-- Opening Marker --
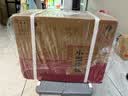 小糊涂仙（普仙）浓香型白酒 38度 500ml*6瓶 整箱装 宴请送礼 实拍图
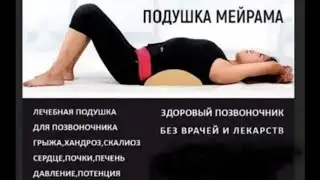 #зухраасельдерова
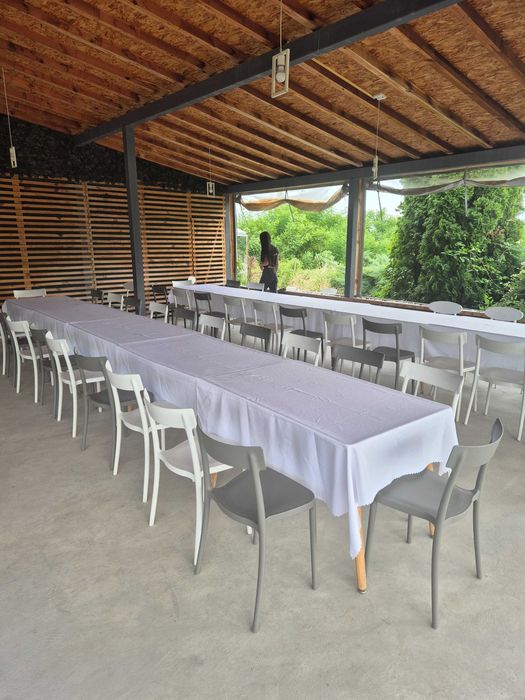 Продава се Заведение в Дупница - 600 кв.м за 20 €/кв.м - Снимка #7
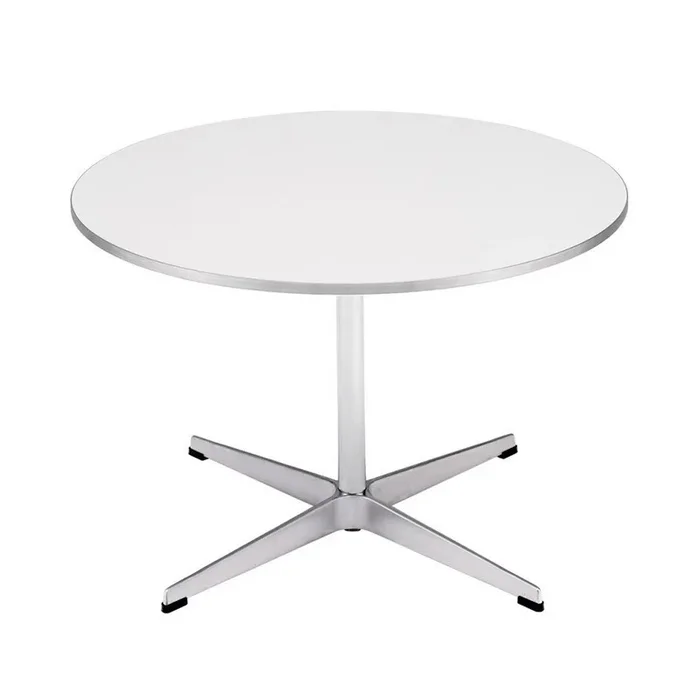Mesa Circular – Fritz Hansen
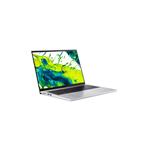 Acer Aspire Go 16 Pure Silver (AG16-71P-513Y) (NX.JTGEC.002)
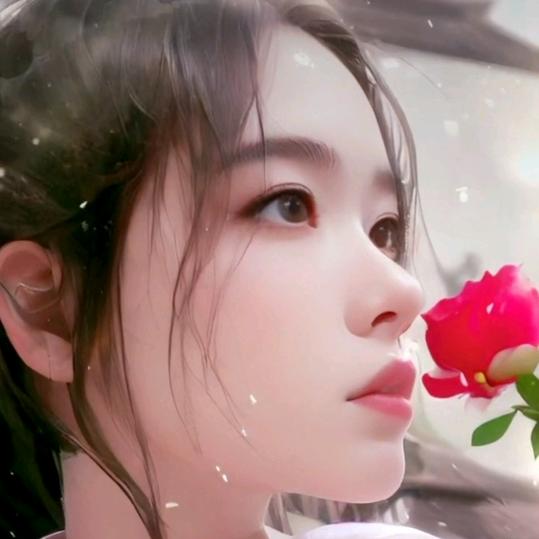 全椒蔡蔡💕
-- Closing Marker --
__PROBLEM DESCRIPTION__.
Starting with the line that contains "Mesa Circular – Fritz Hansen", repeat each line exactly until the listing ends, including the last one. Leave pictures out.

__ANSWER SECTION__.
Mesa Circular – Fritz Hansen
 Acer Aspire Go 16 Pure Silver (AG16-71P-513Y) (NX.JTGEC.002)
 全椒蔡蔡💕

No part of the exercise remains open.